Material provided:

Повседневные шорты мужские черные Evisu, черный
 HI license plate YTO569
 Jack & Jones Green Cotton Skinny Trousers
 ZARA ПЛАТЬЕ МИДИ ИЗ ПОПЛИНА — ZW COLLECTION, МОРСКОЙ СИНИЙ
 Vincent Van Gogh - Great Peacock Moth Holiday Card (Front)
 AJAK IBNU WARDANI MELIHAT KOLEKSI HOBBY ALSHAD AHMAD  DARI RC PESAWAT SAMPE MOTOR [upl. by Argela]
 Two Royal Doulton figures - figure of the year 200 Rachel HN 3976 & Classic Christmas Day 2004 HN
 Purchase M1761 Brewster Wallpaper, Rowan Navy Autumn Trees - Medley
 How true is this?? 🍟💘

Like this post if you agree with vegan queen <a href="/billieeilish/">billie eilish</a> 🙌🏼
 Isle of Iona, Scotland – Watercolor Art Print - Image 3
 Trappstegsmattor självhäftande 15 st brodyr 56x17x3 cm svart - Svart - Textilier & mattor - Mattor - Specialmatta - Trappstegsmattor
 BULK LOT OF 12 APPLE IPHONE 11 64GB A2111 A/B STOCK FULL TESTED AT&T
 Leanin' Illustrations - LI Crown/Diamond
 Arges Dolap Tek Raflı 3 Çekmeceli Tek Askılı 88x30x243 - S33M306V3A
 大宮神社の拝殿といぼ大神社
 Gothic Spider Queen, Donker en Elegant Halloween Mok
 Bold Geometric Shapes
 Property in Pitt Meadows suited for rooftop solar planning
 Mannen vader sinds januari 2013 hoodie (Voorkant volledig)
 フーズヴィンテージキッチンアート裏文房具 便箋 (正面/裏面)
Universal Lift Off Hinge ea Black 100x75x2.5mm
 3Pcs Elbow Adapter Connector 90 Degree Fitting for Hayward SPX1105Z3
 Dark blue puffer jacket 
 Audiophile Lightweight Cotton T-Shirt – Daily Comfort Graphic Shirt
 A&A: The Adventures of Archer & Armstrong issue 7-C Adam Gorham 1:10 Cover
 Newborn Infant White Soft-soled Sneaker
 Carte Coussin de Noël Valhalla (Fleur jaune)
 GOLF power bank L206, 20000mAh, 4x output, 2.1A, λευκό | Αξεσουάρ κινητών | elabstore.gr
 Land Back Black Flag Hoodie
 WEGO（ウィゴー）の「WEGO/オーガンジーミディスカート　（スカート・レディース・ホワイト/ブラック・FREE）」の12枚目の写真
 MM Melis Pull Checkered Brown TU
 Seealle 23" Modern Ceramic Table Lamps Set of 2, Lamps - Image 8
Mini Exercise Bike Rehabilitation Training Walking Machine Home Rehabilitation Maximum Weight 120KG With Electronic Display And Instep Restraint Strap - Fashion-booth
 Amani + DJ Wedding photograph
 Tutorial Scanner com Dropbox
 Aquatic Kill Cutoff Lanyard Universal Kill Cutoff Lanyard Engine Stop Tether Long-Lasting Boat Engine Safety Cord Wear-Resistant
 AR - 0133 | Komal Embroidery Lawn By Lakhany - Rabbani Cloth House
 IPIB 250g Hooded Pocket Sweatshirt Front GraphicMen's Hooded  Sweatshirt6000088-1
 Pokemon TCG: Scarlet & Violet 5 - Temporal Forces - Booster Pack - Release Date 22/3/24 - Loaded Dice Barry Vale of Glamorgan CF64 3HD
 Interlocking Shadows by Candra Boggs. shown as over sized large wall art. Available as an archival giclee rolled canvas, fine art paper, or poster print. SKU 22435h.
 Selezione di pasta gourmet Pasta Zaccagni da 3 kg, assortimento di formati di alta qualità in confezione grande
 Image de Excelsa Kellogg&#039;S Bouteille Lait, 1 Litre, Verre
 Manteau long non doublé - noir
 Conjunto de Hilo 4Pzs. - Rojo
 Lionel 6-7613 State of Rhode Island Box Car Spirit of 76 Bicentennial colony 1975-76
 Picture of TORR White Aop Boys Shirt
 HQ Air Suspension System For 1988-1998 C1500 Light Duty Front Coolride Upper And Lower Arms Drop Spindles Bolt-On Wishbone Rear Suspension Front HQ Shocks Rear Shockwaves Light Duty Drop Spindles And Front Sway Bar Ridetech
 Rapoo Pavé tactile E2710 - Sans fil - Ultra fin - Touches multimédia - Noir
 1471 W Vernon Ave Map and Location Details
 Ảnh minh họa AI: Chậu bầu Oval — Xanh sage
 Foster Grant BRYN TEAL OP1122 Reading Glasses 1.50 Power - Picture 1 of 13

What to do:
Only the lines from the one with "Rapoo Pavé tactile" through the final line above belong in the answer, each retyped exactly.

Reply:
 Rapoo Pavé tactile E2710 - Sans fil - Ultra fin - Touches multimédia - Noir
 1471 W Vernon Ave Map and Location Details
 Ảnh minh họa AI: Chậu bầu Oval — Xanh sage
 Foster Grant BRYN TEAL OP1122 Reading Glasses 1.50 Power - Picture 1 of 13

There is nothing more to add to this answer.